Far from being of merely antiquarian interest, through Ryan these thinkers speak directly to the present. There is no jargon, a lot of good sense and the reader is treated throughout as an intelligent being. Political asides on the present enliven the analysis, reflecting Ryan’s deep familiarity with both sides of the (northern) Atlantic, his love of the USA in particular, and his impatience with some of its recent intellectual and political excesses. In short, the book conveys the exhilaration of being taught by an unusually worldly college tutor, serious and irreverent, unafraid of argument but demanding intellectual rigour from the reader in turn.

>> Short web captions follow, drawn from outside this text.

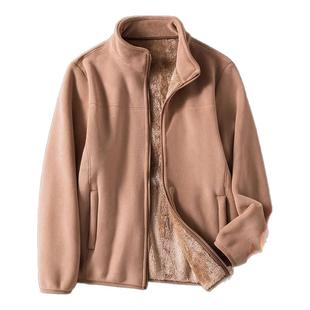 NW真维斯羊羔绒外套女士秋冬季双面加绒加厚开衫卫衣内胆抓绒衣女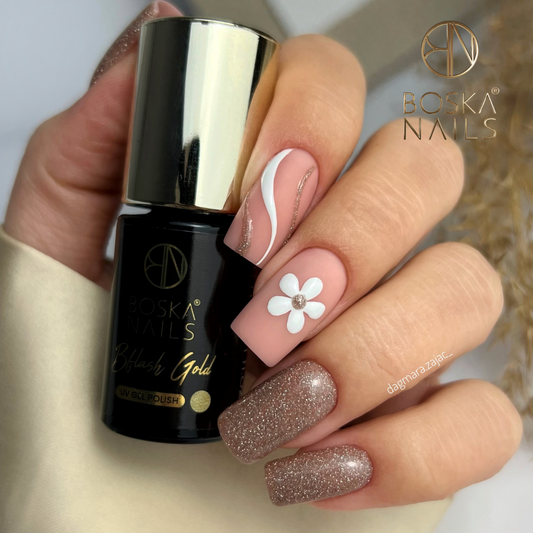 Esmalte Semipermanente Bflash Gold Nº392 - 6ml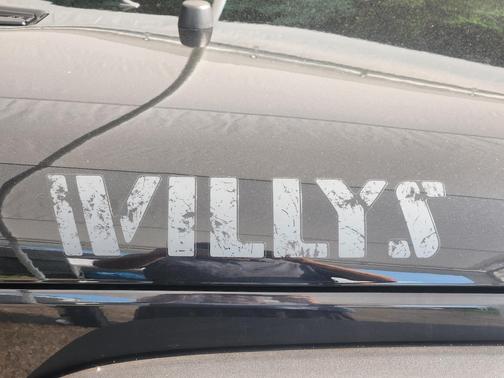 Black 2015 Jeep Wrangler Willys Wheeler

The tenor and style of the authorial voice is one of the book’s great strengths. But the familiarity of its cast of characters is another matter. In 1937 the American academic George Sabine published his pioneering History of Political Theory. At the very moment when in Europe liberalism and democracy seemed to be on the way out, he presented a story which began with Plato and Aristotle, moving through the political thought of medieval Christianity before reaching Machiavelli, Hobbes, Locke and the challenges from Marxism and fascism. Appearing more than 70 years later, Ryan’s cast-list has hardly changed. Book 1 takes us from the ancient Greeks to Machiavelli; book 2 from Hobbes to “the world after Marx.” True, Ryan singles out American thought at greater length than Sabine chose to, and goes into more detail on mid-19th century liberalism. But in every important respect, the canon appears not to have shifted at all. There are Habsburgs but no Habermas, as much Nixon as Nietzsche—and not much of either. French thought is conspicuous by its absence.
The sheer staying power of the idea of an Anglo-American liberal tradition in political thought across the 20th and early 21st centuries is itself a historical conundrum of some interest. Does it point to an intellectual ossification in some of the world’s most distinguished Anglophone universities? Or is it an optical illusion—a product of Ryan’s own predilections and interests? A bit of both perhaps: I certainly do not think we can attribute it solely to the intrinsic superiority of these particular texts and authors. To my mind, the merits of studying Plato, Aquinas or Hobbes are clear. What is less defensible, however, is the idea that a liberal tradition can survive that does not engage seriously with its challengers and does not at least acknowledge, in a changing world, the existence of parallel traditions that have tackled similar and often identical problems in strikingly different ways.
The basic intellectual problem is this: once you have defined the central issue of politics as the preservation of liberty within a political community, absolutism, fascism and religious fundamentalism can easily present themselves as phenomena of essentially negative interest. Yet fascism, for example, produced, in the writings of Carl Schmitt, a theorist of considerable power who provided a searing critique of parliamentary democracy. His definition of politics saw liberty as a distraction and revolved instead around the friend/foe distinction. One may disagree with this, but one has to take it seriously. Yet Ryan’s treatment of fascism and Nazism remains trapped within an older historiography that sees the most important thing about these movements as their irrationalism. Today most historians would regard their challenge to interwar liberalism as much more serious than this “irrationalism thesis” acknowledges. And as a result it seems downright odd to have a history of political thought that does not engage more fully with some of Schmitt’s ideas.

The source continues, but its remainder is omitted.